News/Approfondimenti > 04 ottobre 2014

Se i sindacati sono inutili. Regalia: ''Assurda la battaglia sull’articolo 18''

L'Adige

«La battaglia sull'articolo 18 è assurda, non serve a nessuno e non permetterà di cambiare davvero le cose in Italia. Si tratta di un mero conflitto ideologico, figlio di un'impostazione superata e privo di interesse per la nostra società».

Ida Regalia, professoressa di sociologie dei processi economici presso l'Università di Milano e rappresentante dell'Aisri (Associazione italiana studi sulle relazioni industriali), non lascia spazio a dubbi: a suo avviso, il dibattito suscitato dalla norma di tutela dei lavoratori in caso di licenziamento senza giusta causa, nato in seno alla riforma sul lavoro proposta dal Governo di Matteo Renzi, è privo di significato. Intervistata a margine del convegno «Tempi duri e scelte difficili: i sindacati in Europa occidentale » (tenutosi ieri presso la tsm), la docente, esperta di concertazione aziendale, ha espresso il proprio pensiero anche sull'effettiva utilità degli enti di rappresentanza dei lavoratori.

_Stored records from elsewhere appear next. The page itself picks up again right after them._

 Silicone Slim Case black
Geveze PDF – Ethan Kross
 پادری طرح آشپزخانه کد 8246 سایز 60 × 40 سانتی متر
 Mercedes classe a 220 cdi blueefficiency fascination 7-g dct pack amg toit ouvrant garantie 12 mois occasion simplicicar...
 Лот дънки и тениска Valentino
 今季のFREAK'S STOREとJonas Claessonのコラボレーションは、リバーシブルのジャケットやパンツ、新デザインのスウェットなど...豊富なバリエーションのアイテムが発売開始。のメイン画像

Professoressa Regalia, attualmente l'opinione comune vede i sindacati italiani come degli enti conservatori, incapaci di adattarsi alle mutate contingenze del mercato del lavoro. La situazione è davvero questa?

«No. In realtà i sindacati italiani sanno essere anche dei grandi innovatori, capaci di attrarre nuove persone e dare risposte opportune a seconda delle esigenze. Ci sono esempi di organizzazioni locali che sono state in grado di garantire un livello molto alto di servizi. Purtroppo, le esperienze di successo rimangono settoriali e localizzate, ed i sindacati del nostro Paese non sembrano ancora in grado di operare in modo unitario».

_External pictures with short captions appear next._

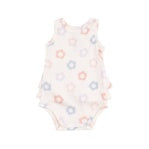 Angel Dear Daisy Pop Ruffle Tank Bubble
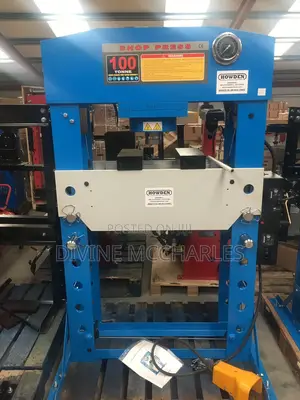 100tons Hydraulic Shop Press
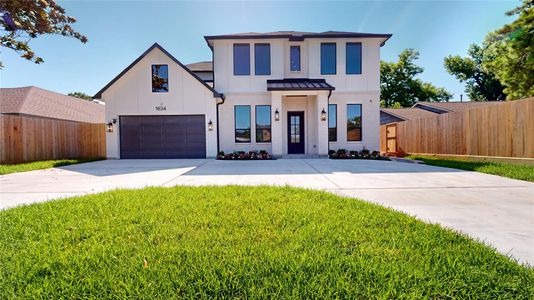 New construction Single-Family house 1634 Antoine, Houston, TX 77055 - image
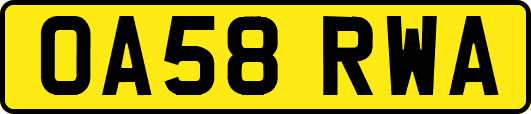 OA58RWA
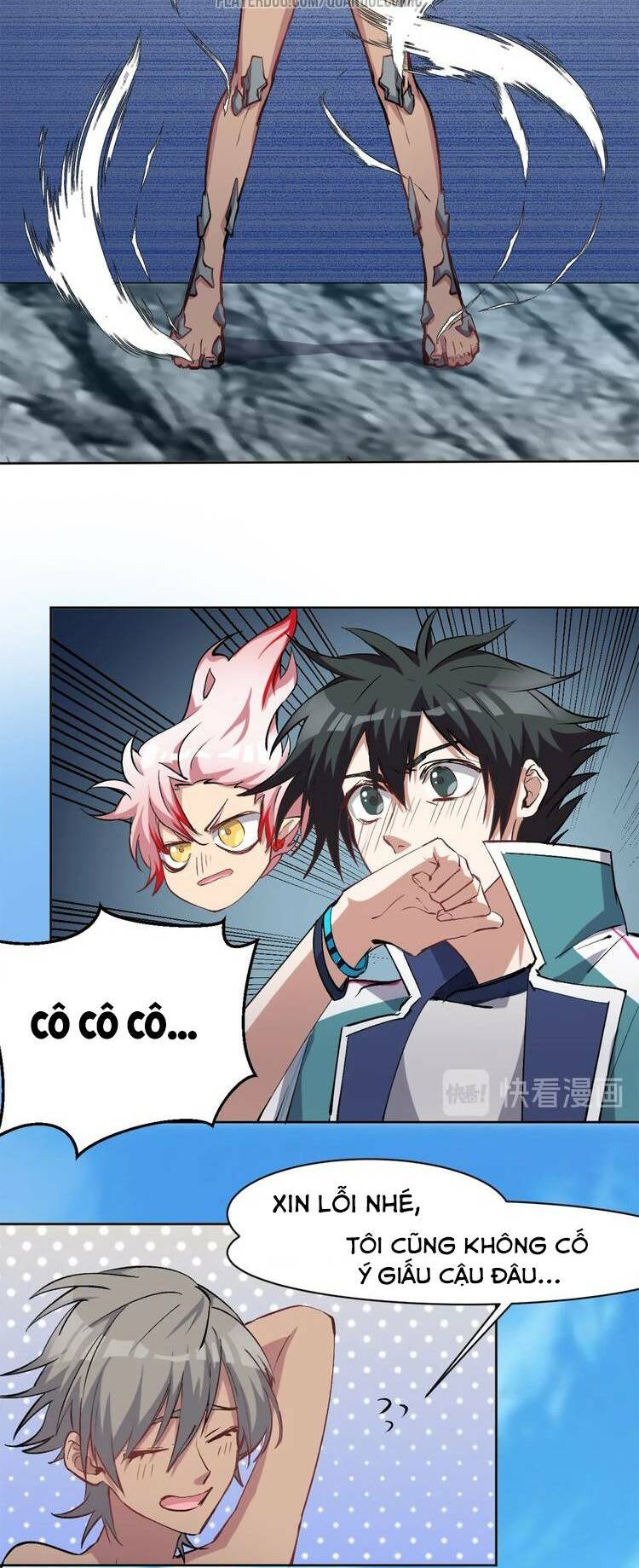 Thần Lai Yêu Vãng: Chapter 26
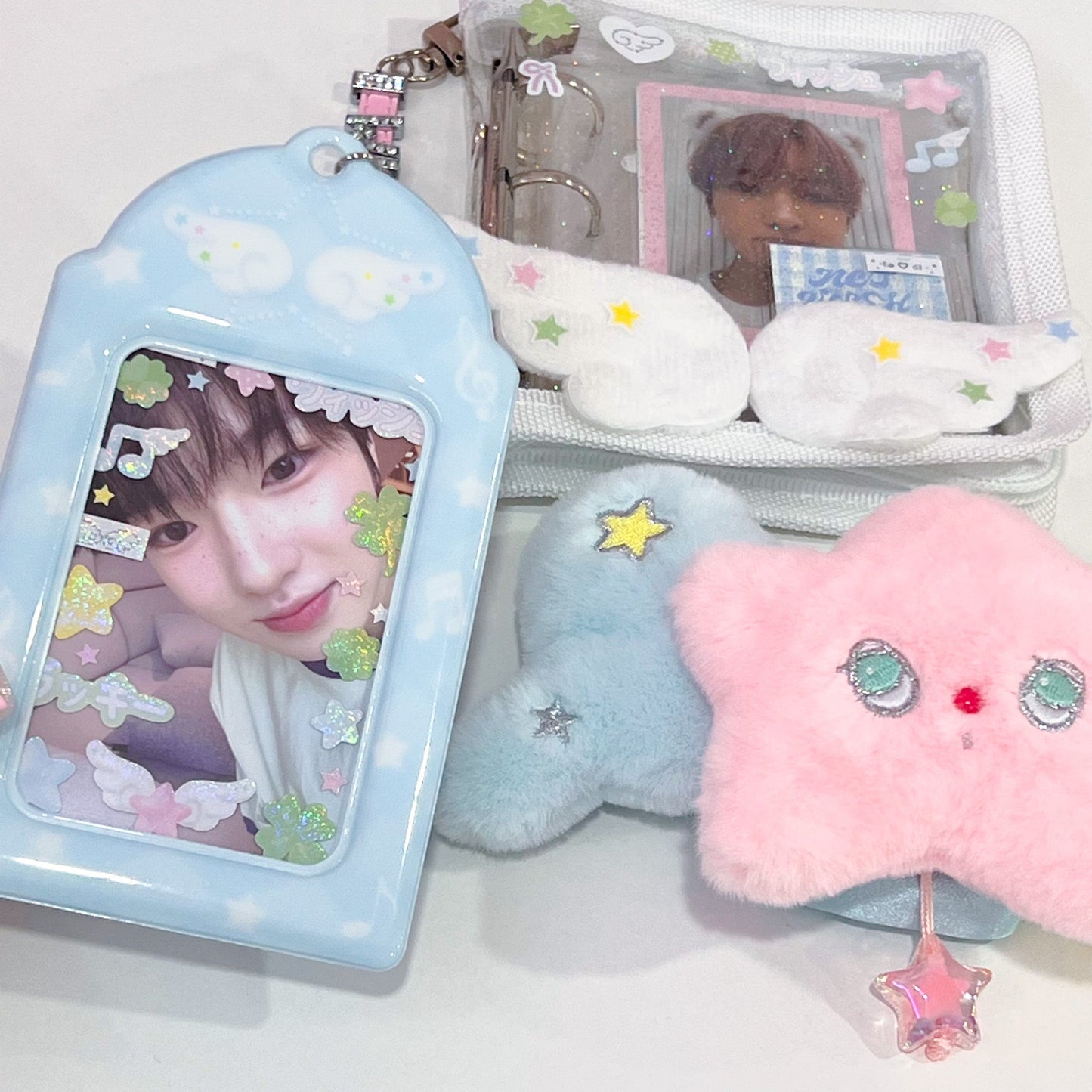 MINS STUDIOS Wishcore Card Holder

Per quale ragione, quindi, il numero di tesseramenti è in continua diminuzione?

«La verità è che la situazione è difficile all'interno degli stessi sindacati, dove si creano vere e proprie fratture tra gli esponenti dei lavoratori. Giovani, donne ed immigrati spesso non trovano sigle capaci di accoglierli. Anzi, è più frequente che le nuove categorie di lavoratori - con contratti cosiddetti atipici - siano addirittura malvisti da chi ha un contratto regolare, perché considerati come una minaccia ai propri interessi. Per la mia esperienza, posso dire che i problemi dei sindacati sono dovuti principalmente alla mancanza di solidarietà tra gruppi di lavoratori, e non per questioni di rappresentanza».

Dell'articolo 18 si è molto discusso e le posizioni sono contrapposte. Crede che una sua possibile abrogazione possa effettivamente rilanciare il mercato lavorativo italiano?

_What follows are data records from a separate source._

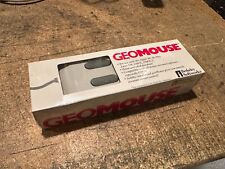 GeoMouse Vintage Ball Mouse for Apple IIc Laser Berkley Softworks New Old Stock picture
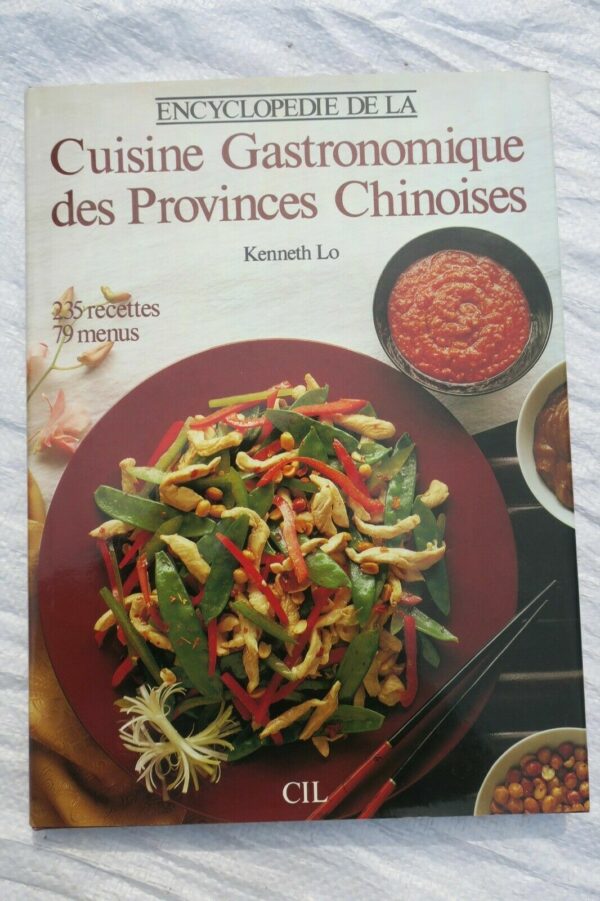 cuisine gastronomique des provinces chinoises 235  recettes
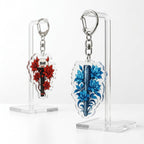 Girl Group Floral Lightstick Keychain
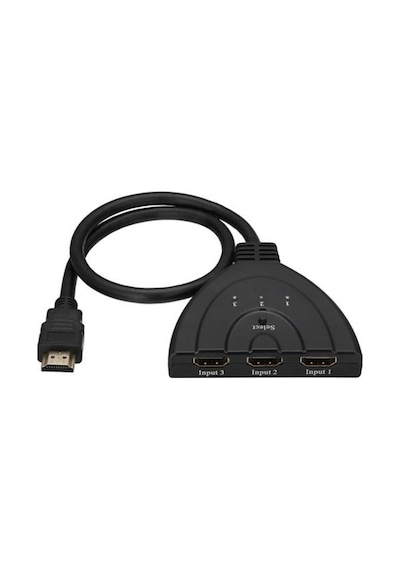 Hdmi Switch 3 Giriş 1 Çıkış Çoklayıcı Çoğaltıcı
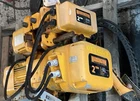 Harrington NER020L Electric Hoist And Motor Trolley - Read Description Used. Price: $1999.00.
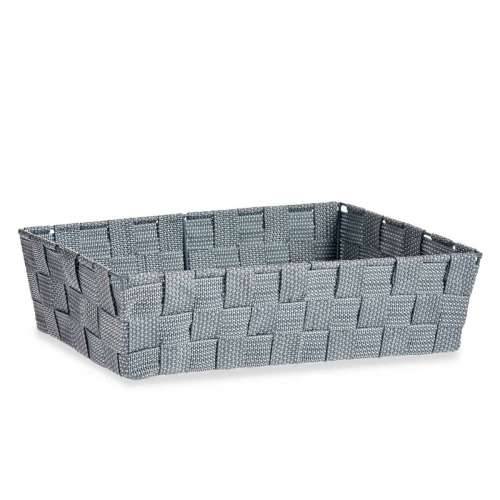 Višenamjenska Košara Kipit 79812 Siva Tkanina 3,8 L 34 x 8,5 x 21 cm (18 kom.) Cijena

«No, nel modo più assoluto. La verità è che, malgrado in alcune regioni la situazione sia migliore rispetto ad altre, in Italia mancano servizi attivi per l'impiego e politiche lavorative concrete. Di fronte all'enorme diffusione dei contratti atipici, che ammettono pochissime tutele, è evidente che i problemi sono altri. Se chi viene licenziato, anche ingiustamente, venisse aiutato a ricollocarsi, dell'articolo 18 non si parlerebbe nemmeno».


DA LONDRA

Serve una radicale riorganizzazione

I sindacati italiani sembrano vivere una situazione di grave debolezza.

Per superare la crisi, le associazioni dei lavoratori necessiterebbero di una drastica riorganizzazione interna, al fine di rispondere meglio alle esigenze del contesto professionale attuale, introducendo forme di tutela per quelle persone escluse dalle dinamiche di rappresentanza.

Lo sostengono Rebecca Gumbrell-McCormick e Richard Hyman - docenti presso l'Università di Londra e la London School of Economics - che, nella mattina di ieri, sono intervenuti nell'ambito del convengo «Tempi duri e scelte difficili: i sindacati in Europa Occidentali».